Q: I remember my grandmother used to keep smelling salts in her cabinet. Can they really help someone who is feeling faint?
A: Ammonia inhalants, or smelling salts, have a long history of use in rousing people who feel faint or have passed out. Because ammonium carbonate (the active ingredient, which is sometimes combined with scents or perfume) is so noxious, a quick whiff of the salts is extremely irritating to the nasal passages, which stimulates the inhalation reflex. This quick reflex, in turn, triggers faster breathing and an increased heart rate.
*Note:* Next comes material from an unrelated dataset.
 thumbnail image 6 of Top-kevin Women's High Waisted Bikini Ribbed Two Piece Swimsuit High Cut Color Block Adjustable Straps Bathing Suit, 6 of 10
That action might jolt a person back into consciousness.
While smelling salts can help revive someone who is unconscious—or heading in that direction—experts say that in recent years they’ve been adopted by athletes who use them before a game or match in the hopes of getting a “rush” that will help them perform better, even in the absence of any evidence that this works.
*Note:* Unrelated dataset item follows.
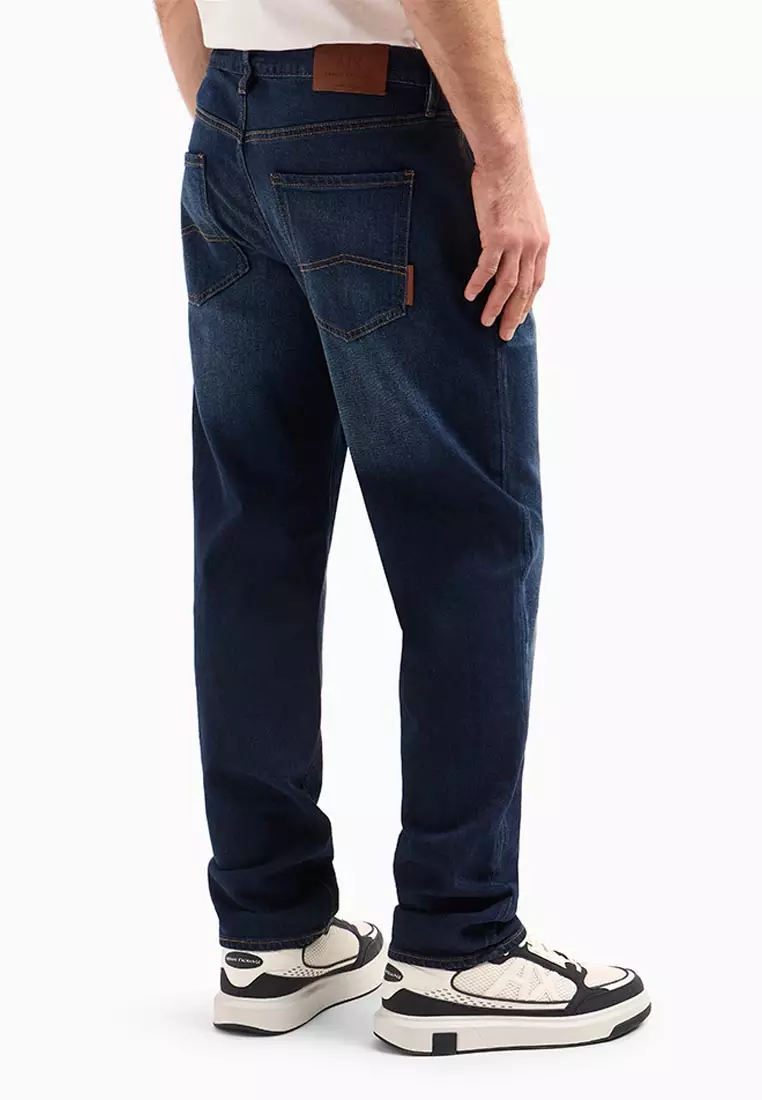 J16 Straight Fit Jeans In Stone Washed Cotton Denim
More worrisome is that smelling salts have been employed by trainers to help a player or competitor back to alertness after being dazed as the result of a head injury. This can prevent the athlete from being properly evaluated and diagnosed, and could potentially mask the seriousness of the injury. Another worry is that an injured athlete may, upon the first whiff of ammonia, jerk his or her head and aggravate the injury.
The FDA has approved smelling salts for the treatment of fainting. Having said that, they have limited medical use. Moreover, inhaling high doses of ammonium carbonate can cause trouble breathing and severe lung damage.
This article first appeared in the January 2020 issue of UC Berkeley Health After 50.